Linear mixed models (LMM) and its subset cousin, analysis of variance components (VC), perform many of the same functions as analysis of variance under GLM. A comparison of GLM with both LMM and VC, illustrated with data, is found in the section on linear mixed models. While both GLM and LMM accept the use of random effects in models, LMM is preferred for reasons given in the comparison.
|
|
The formulas for the t-test (a special case of one-way ANOVA), and for the F-test used in ANOVA, thus reflect three things: the difference in means, group sample sizes, and the group variances. That is, the ANOVA F-test is a function of the variance of the set of group means, the overall mean of all observations, and the variances of the observations in each group weighted for group sample size. Thus, the larger the difference in means, the larger the sample sizes, and/or the lower the variances, the more likely a finding of significance.
In SPSS, select Analyze, Compare Means, One-Way ANOVA; enter the dependent variable in the Dependent list; enter the independent variable as the Factor.
The "Mean" column shows how the mean years of education varies by region. However, the 95% confidence limits for West and for Southeast overlap those for Northeast. We can only be 95% confident that the mean of Southeast differs from the mean of West; we cannot be 95% confident that the mean years of education for West or Southest differ from Northeast.
In SPSS, select Analyze, General Linear Model, Univariate; enter the dependent variable, factor(s), and covariate variables; click Model and select the model type you want (ex., Full Factorial) or click Custom and specify a model (such as Model: gender race gender*race).
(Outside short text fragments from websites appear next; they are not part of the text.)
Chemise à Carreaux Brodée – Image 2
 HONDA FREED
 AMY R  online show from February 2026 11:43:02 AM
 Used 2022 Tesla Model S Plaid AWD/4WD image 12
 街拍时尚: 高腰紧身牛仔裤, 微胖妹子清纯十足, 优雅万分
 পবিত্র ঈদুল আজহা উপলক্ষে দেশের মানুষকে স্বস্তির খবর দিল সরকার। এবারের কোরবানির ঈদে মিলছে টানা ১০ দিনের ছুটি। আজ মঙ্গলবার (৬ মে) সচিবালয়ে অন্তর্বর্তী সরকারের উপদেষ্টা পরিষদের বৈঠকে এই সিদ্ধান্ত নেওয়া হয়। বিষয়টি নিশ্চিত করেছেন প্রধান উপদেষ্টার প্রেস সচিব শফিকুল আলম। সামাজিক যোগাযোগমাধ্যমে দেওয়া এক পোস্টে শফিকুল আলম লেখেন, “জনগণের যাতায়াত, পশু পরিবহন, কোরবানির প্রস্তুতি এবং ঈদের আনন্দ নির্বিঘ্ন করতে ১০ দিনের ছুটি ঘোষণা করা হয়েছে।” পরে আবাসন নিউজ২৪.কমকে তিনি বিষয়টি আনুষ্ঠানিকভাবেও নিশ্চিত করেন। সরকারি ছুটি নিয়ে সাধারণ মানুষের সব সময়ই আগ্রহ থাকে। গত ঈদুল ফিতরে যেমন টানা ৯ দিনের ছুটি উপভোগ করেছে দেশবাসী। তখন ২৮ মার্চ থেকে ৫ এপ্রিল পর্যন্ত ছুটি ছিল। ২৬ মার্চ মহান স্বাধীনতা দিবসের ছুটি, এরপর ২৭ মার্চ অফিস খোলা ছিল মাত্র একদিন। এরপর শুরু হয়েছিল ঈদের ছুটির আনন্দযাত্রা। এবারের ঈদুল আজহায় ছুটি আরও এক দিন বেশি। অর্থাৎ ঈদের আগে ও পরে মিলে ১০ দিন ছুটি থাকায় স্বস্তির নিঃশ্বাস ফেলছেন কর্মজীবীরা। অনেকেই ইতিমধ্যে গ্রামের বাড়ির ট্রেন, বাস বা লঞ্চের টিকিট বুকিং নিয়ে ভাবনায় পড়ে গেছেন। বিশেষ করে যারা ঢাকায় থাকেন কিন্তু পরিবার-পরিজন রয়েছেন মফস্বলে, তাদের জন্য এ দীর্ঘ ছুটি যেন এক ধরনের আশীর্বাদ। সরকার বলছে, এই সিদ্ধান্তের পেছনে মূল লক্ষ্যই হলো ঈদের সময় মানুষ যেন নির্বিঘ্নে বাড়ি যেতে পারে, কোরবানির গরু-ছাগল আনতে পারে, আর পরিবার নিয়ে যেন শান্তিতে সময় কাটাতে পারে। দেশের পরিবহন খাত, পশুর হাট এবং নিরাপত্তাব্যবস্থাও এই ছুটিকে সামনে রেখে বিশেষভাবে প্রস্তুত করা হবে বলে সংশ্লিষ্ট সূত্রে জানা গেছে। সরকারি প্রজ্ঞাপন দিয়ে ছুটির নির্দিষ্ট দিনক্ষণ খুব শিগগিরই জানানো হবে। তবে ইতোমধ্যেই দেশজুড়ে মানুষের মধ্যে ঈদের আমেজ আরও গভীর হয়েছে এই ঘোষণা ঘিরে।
You may click the Options button and specify means to estimate (gives marginal means for each level of the selected factor when the covariate is at its mean value), and under the Options button you may check that you want Parameter Estimates (which are the GLM-estimated regression coefficients).
The "Parameter Estimates" table is partially shown in the figure above for a model in which years of education is predicted from the factors sex, race, and region, using number of siblings as a covariate. The b coefficients reflect the effect of the factor or covariate on the dependent, years of education. For the covariate sibs, with b = -.240, this indicates that having one additional sibling subtracts .24 years of education from the subject, controlling for other variables in the model. For the dichotomy sex, given that these data are coded 1=male, 2=female, and given a b coefficient of 2.119 for sex=1, this indicates that for two individuals equal on other variables in the model, the male will have 2.119 more years of education than the female. For the factor region, using simple dummy coding, given b = 1.219 for region 1 (Northeast) and given the left-out category is 3=West, we can say that a subject in the Northeast will have 1.219 more years of education than a subject in the West.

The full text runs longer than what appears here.